▶ **Provided data**
####################

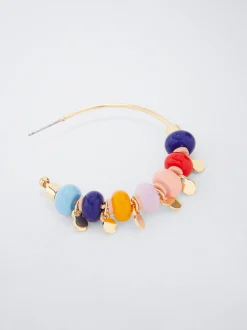 Beaded Hoop Earrings|Parfois Best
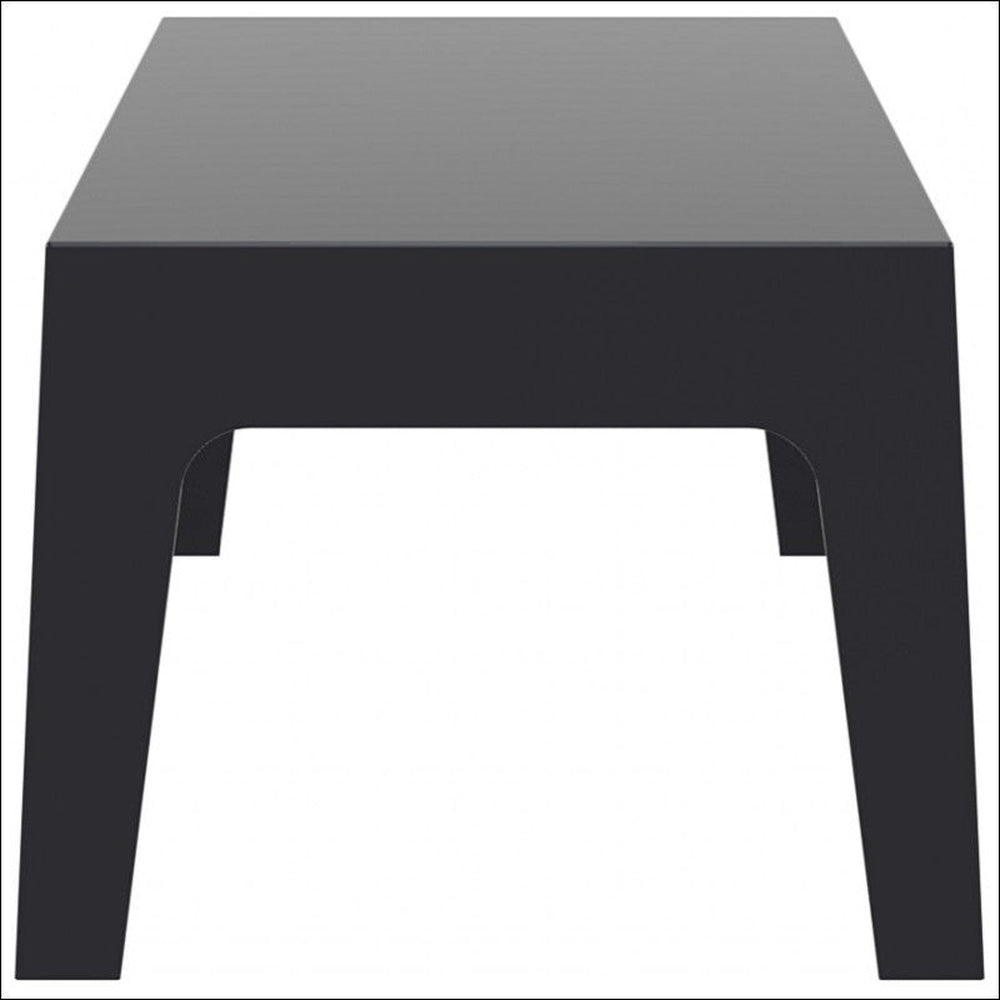 box resin outdoor center table black isp064 bla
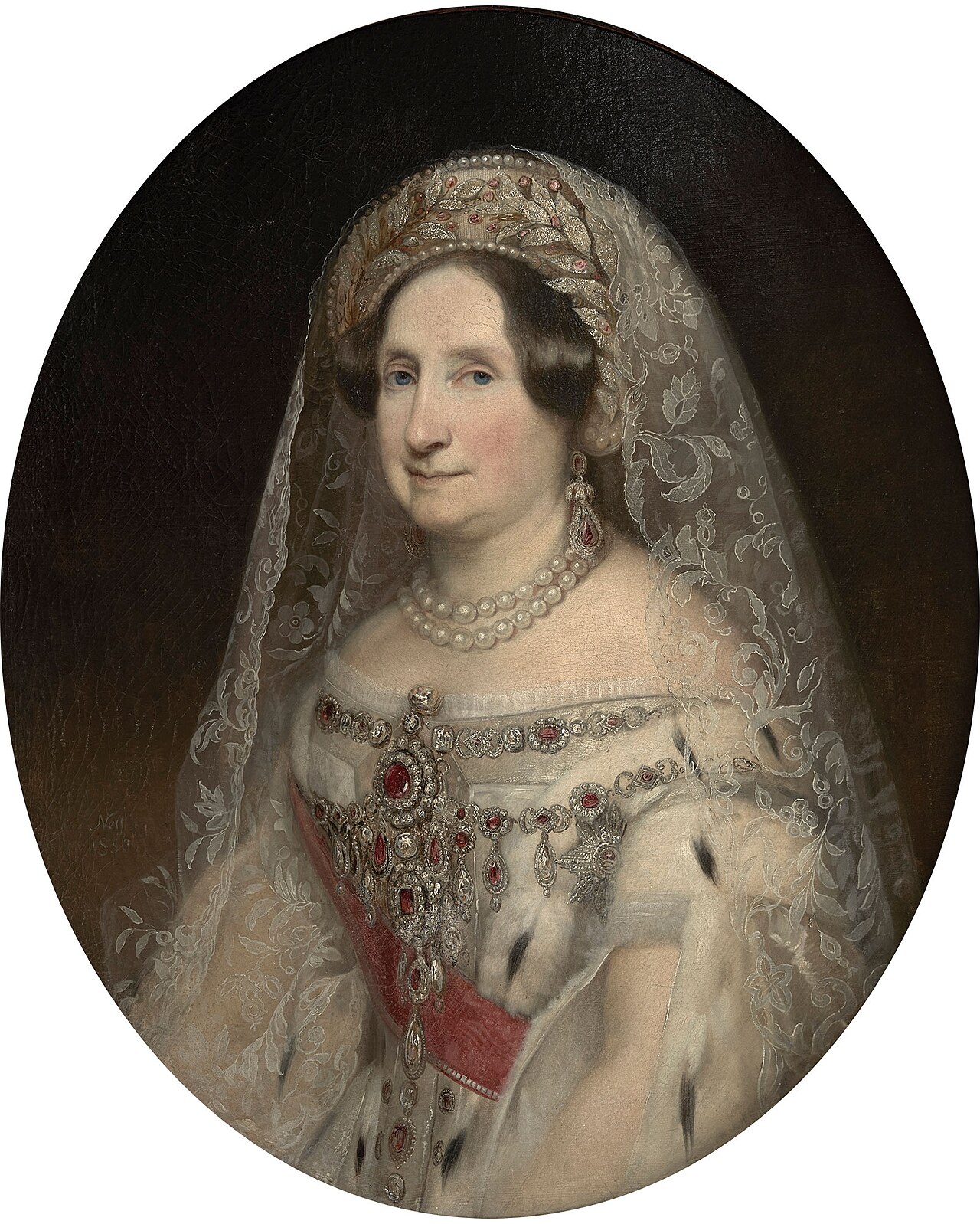 Portrait of Grand Duchess Anna Pavlovna by Carl Timoleon von Neff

####################

▶ **What to produce**
The reply should hold every line of the material above, unchanged, and no pictures.

▶ **Solution to the exercise**
 Beaded Hoop Earrings|Parfois Best
 box resin outdoor center table black isp064 bla
 Portrait of Grand Duchess Anna Pavlovna by Carl Timoleon von Neff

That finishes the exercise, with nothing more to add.